José James plays the Dakota again Wednesday night. (Janette Beckman)
Something seems to happen whenever José James comes home to perform at the Dakota Jazz Club in Minneapolis.
He reminisces. He gets chatty. He gives shout outs to friends, family and former colleagues, teachers and mentors from his days in the Twin Cities.
On Tuesday night at the Dakota, James joked that he was practically reciting his entire Wikipedia page because, well, he talked a lot about his past. For instance, he said the reason he moved to New York in 1999 was because there were too many good jazz singers in the Twin Cities and he named Debbie Duncan, Connie Evingson, Dennis Spears, the Petersons and others.
After a clubgoer asked where James went to high school, the singer explained that he starred in the musical “Cinderella” at South High in Minneapolis. Then he added: "I turned down [a part] in 'West Side Story,' not knowing who was in it. Josh Hartnett. I [messed up] my acting career."
Interesting? Or indulgent? It probably depends whether you were a friend, a fan or a newcomer. One thing for certain is that James didn’t talk about these subjects when he performed two weeks ago at Kennedy Center (which he mentioned) in Washington, D.C.
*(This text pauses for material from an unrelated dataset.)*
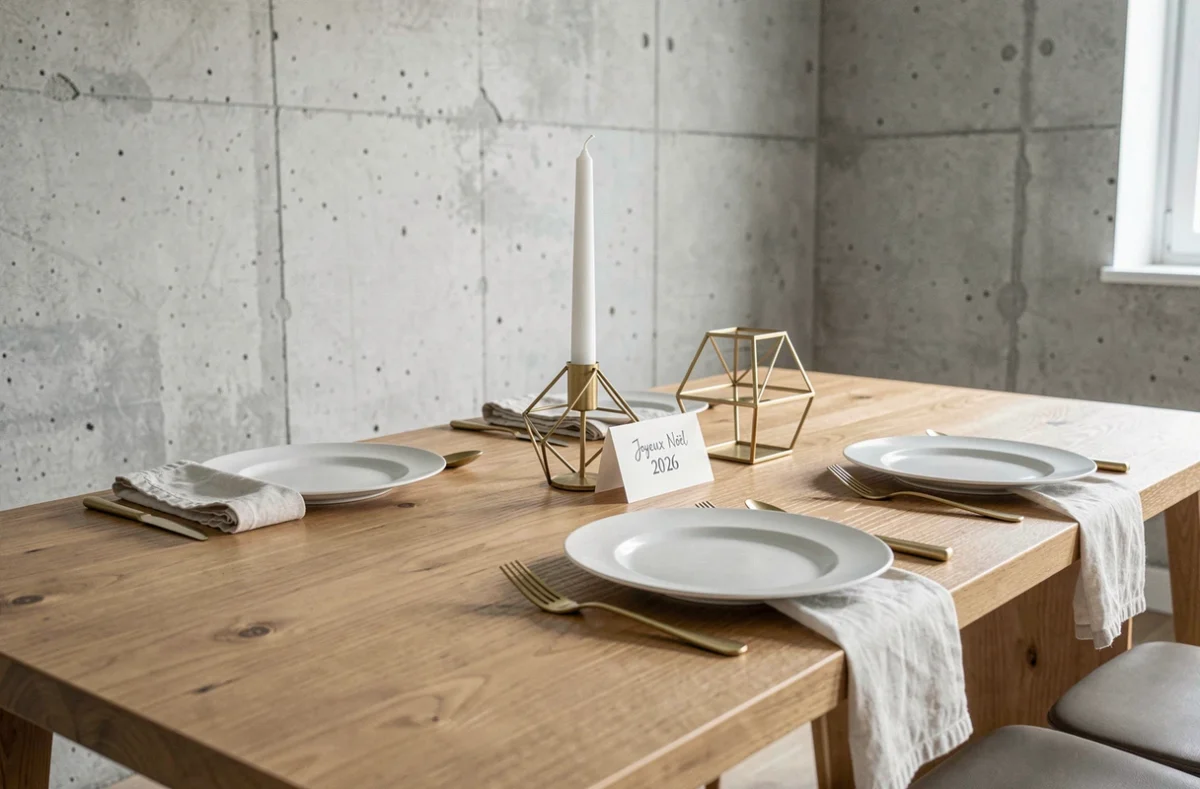 Table de fête minimaliste pour Noël 2026 avec vaisselle blanche mate, couverts dorés et carte Joyeux Noël dans une salle à manger moderne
The task at hand on Tuesday was to play the music of 1970s pop hitmaker Bill Withers, which will be James’ next album. In fact, he began recording last weekend in Los Angeles, with the disc due Sept. 28.
During his 10-year recording career, the unpredictable James, 40, has been all over the musical map. He’s made original jazz with hip-hop influences, sung standards, recorded a tribute to Billie Holiday and written original contemporary R&B.
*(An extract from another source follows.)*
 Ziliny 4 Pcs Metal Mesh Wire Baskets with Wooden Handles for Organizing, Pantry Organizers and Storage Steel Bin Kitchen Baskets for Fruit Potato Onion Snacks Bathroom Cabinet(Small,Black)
James was convincing playing Withers music. Even though he picked mostly familiar tunes (“Use Me,” “Just the Two of Us,” “Ain’t No Sunshine,” “Lean on Me,” “Lovely Day”), he brought a jazziness to them, with an occasional hip-hop flair when he was riffing. For instance, on “Grandma’s Hands,” he fixated on phrases, repeating them, and singing like he was DJ scratching a record.
Other highlights included three little known numbers -- the gorgeous ballad “Hello Like Before”; “Hope She’ll Be Happier,” rendered with James’ full voice, and “Kissing My Love,” during which the singer got completely lost in love.
What helped make James’ 95-minute set successful was the wonderful support from his band. James Francis took jazzy adventures on keyboards, and guitarist Brad Allen Williams traveled in various styles from blues to Larry Carlton-ish jazz-fusion on several long and involving solos.
Also outstanding was the steady and groove-oriented rhythm section of drummer Nate Smith and bassist Reuben Rogers, who had played four nights over the weekend with jazz saxophone giant Charles Lloyd at the Dakota.
On Tuesday, the musicians probably learned more about James than they wanted to know. Maybe he’ll have some new stories for them during Wednesday night’s return engagement when he promises the same set list.